Maria-Teresa de Filippis
Maria Teresa de Filippis made Grand Prix history when she became the first woman to compete in a Formula One world championship race, finishing tenth in the 1958 Belgian Grand Prix in her Maserati 250F.
Maria Teresa de Filippis was born in Naples, Italy. She had always been more interested in horses but when her brothers bet her that she could never be as fast as them, she started practicing and at the age of 22 she won the first race she entered, the Salerno-Cava dei Tirreni, and presumably the bet.
She continued to race successfully and after finishing second in the 1954 Italian sports car championship driving an OSCA, Maserati took her on as a works driver for 1955.
With the help, initially, of Luigi Musso, she broke into Formula 1 in 1958, scoring a fifth place at Syracuse in a rather thin field, before making Grand Prix history when she became the first woman to compete in a Formula One world championship race, she finished tenth in the Belgian Grand Prix in her Maserati 250F.
She was taken under the wing of Jean Behra for 1959. Behra had Collotti-build a Porsche RSK based single seater which Maria tried to qualify in Monaco. Then at the German Grand Prix at AVUS that year Behra, who had been fired by Ferrari for hitting Romolo Tavoni, the team manager, was going to race the Porsche based single seater.
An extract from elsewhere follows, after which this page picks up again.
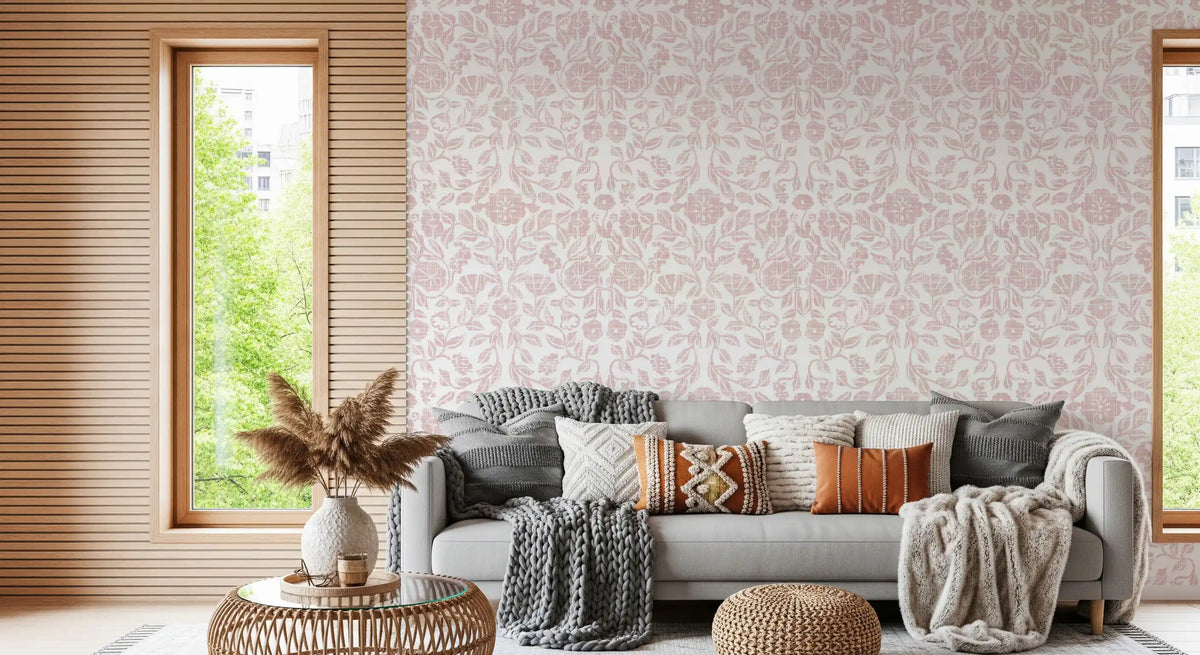 Papier peint texturé à motif de vigne damassée rose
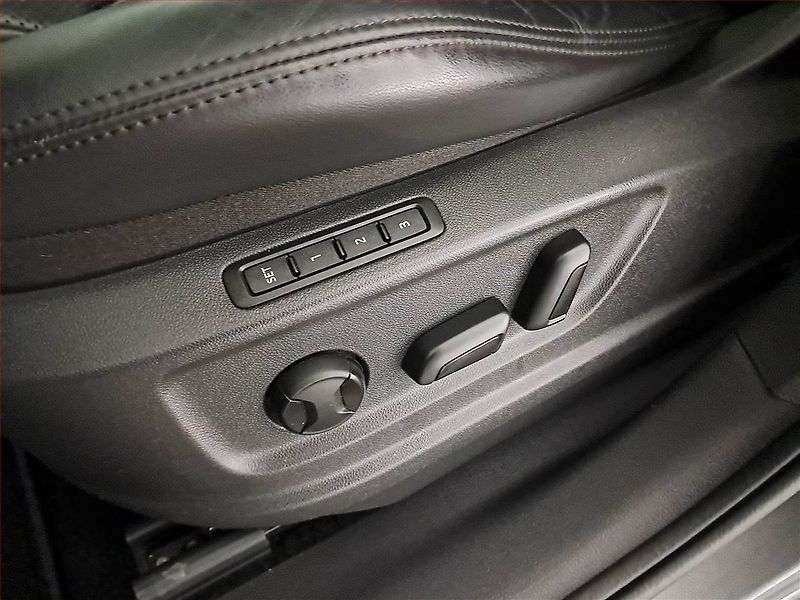 Škoda Kodiaq (2022) Laurin&Klement 2.0 TDI - fotka 18 z 28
Tragically he never made it to the Grand Prix grid as in the support race he crashed his Porsche RSK Spyder 1500 when he went too high on Nordkurve 45-degree banking on a damp track and crashed at high speed into a concrete bunker and was thrown from the car.
Maria had already lost a number of friends by this time, including Luigi Musso, Peter Collins, Alfonso de Portago and Mike Hawthorn. Thus Behra's death became the final straw and she decided to retire from racing to start a family. The following year she got married.
In all she entered seven Grand Prix, qualifying for three of the five of those that counted towards the title. It could have been seven but she was prevented from racing at the French Grand Prix by the race director who said that the only helmet a woman should wear is the one at the hairdresser's.
In 1979, she joined the International Club of Former F1 Grand Prix Drivers. She has been the club's vice-president since 1997 and is president of the Maserati Club. She has two grandchildren and lives near Milan.
To date, four other women have attempted to start a World Championship F1 race, Lella Lombardi, Divina Galica, Desiré Wilson and Giovanna Amati.